Data Discovery
From GRDI2020
This is a GRDI challenge; return to Main Page with all the challenges and recommendations
Introduction
Without mechanisms for discovery, data infrastructures are merely a storage area, which only allow you to retrieve the data you know from the location you know. The public web initially used to be a dark place like this, and only with the advent of search engines it opened up to other user communities.
A Google-like search interface may be a first step to data discovery across data infrastructures, however in a scientific environment keyword-based search may be insufficient. Users may want to be able to search for number ranges in specific measurements, for molecule structures or other specialised concepts. For this reason, there may be a number of data discovery mechanisms in a single data infrastructure, and they may be driven by specialised user requirements.
How do we deal with the various ‘filters’ that different disciplines use when choosing and describing data? What about differences in these attitudes within disciplines, or from one time to another? (from: HELG on Scientific Data)
10-year vision
Ten years from now, there will be mechanisms to instantiate dedicated discovery mechanisms for specific communities or even specific research questions. This equips them with different entry-points and perspectives on research data without losing grounding: even where discovery mechanisms abstract from the actual data through e.g. visualisations, transparency through direct access to the very data items should be guaranteed.
While the prediction of the rise of "semantic search" and more localised/specialised search engines has as yet not become a reality for the public web at large, applying such technologies on research data (that may be quality controlled, confirm to standards and may have consistent collections within fields) appears obvious and is already being done in many initiatives. Technologies might include the following:
- visualisation
- structural query mechanisms (e.g. though XPath)
- semantic annotations, enhancing with controlled vocabularies (depending on the community context)
- recommender systems (e.g. through data usage statistics and information retrieval techniques such as clustering)

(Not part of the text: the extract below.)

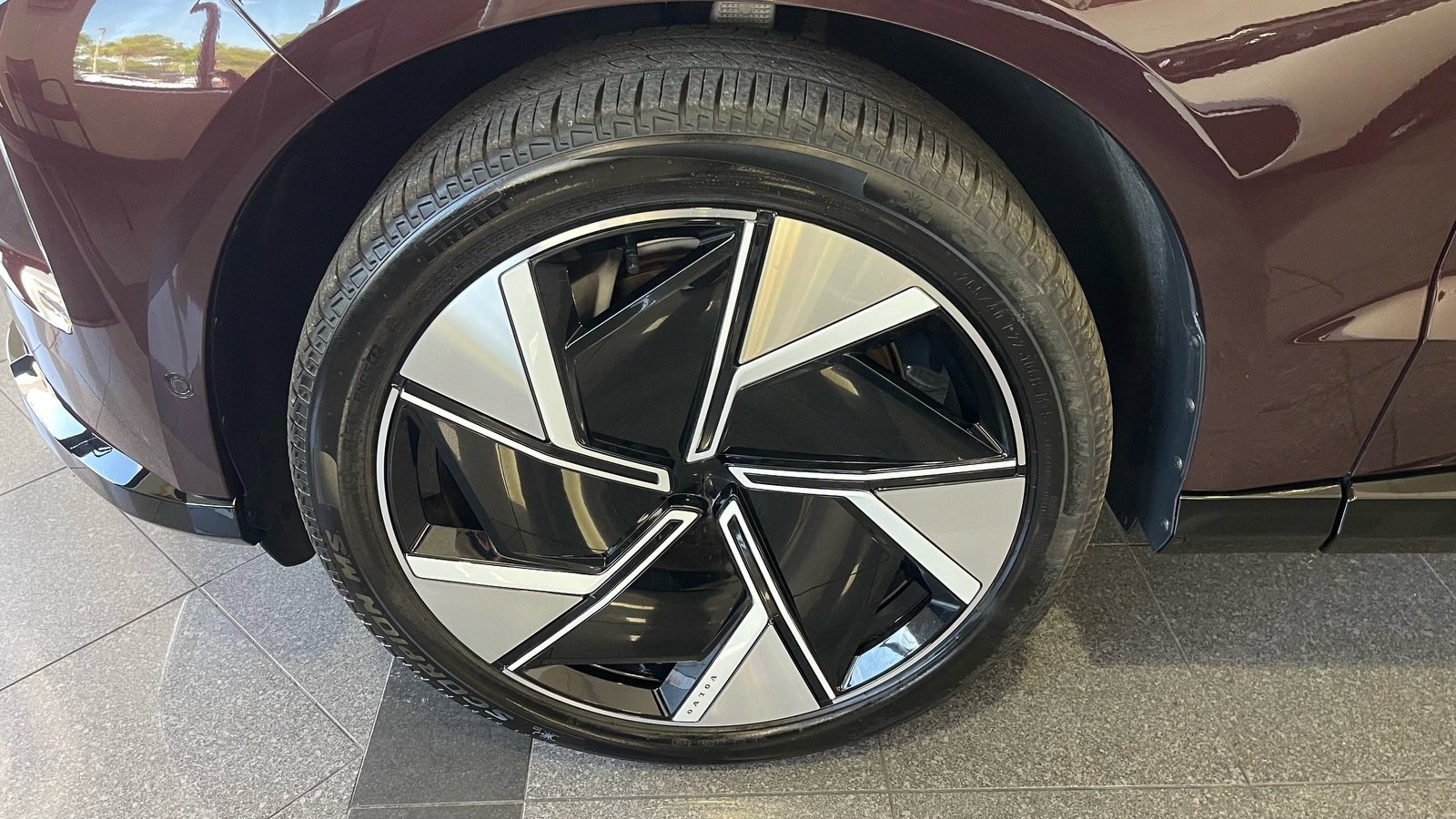 Used 2025 Volvo EX90 Ultra image 21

These mechanisms may only need to trawl through dedicated subsets of all available research data (e.g. only XML/TEI files that conform to a specific schema), and they aim to create more dedicated ways of exploring, analysing and interacting with the data. Analysis and visualisation are supporting research lifecycles and may be the key to innovation, but they need to be sufficiently tailored to a research domain and must be modelled by the researcher in order not to be misleading.
Challenges and Recommendations
"Discovery" needs to be established as an application-level mechanism (as opposed to "infrastructure service"), to enable users to build their own discovery tool for search, analysis and visualisation.
From a technical point of view, this may be in reach (e.g. with the availabiliy of an API for processing research data and existing platforms like ManyEyes). Also analysis of data usage (i.e. access statistics) may be useful.
In addition to this, also the attitude of users needs to change and users need to be more pro-active in designing their environments for search, analysis and visualisation. Translators may need to be equipped accordingly.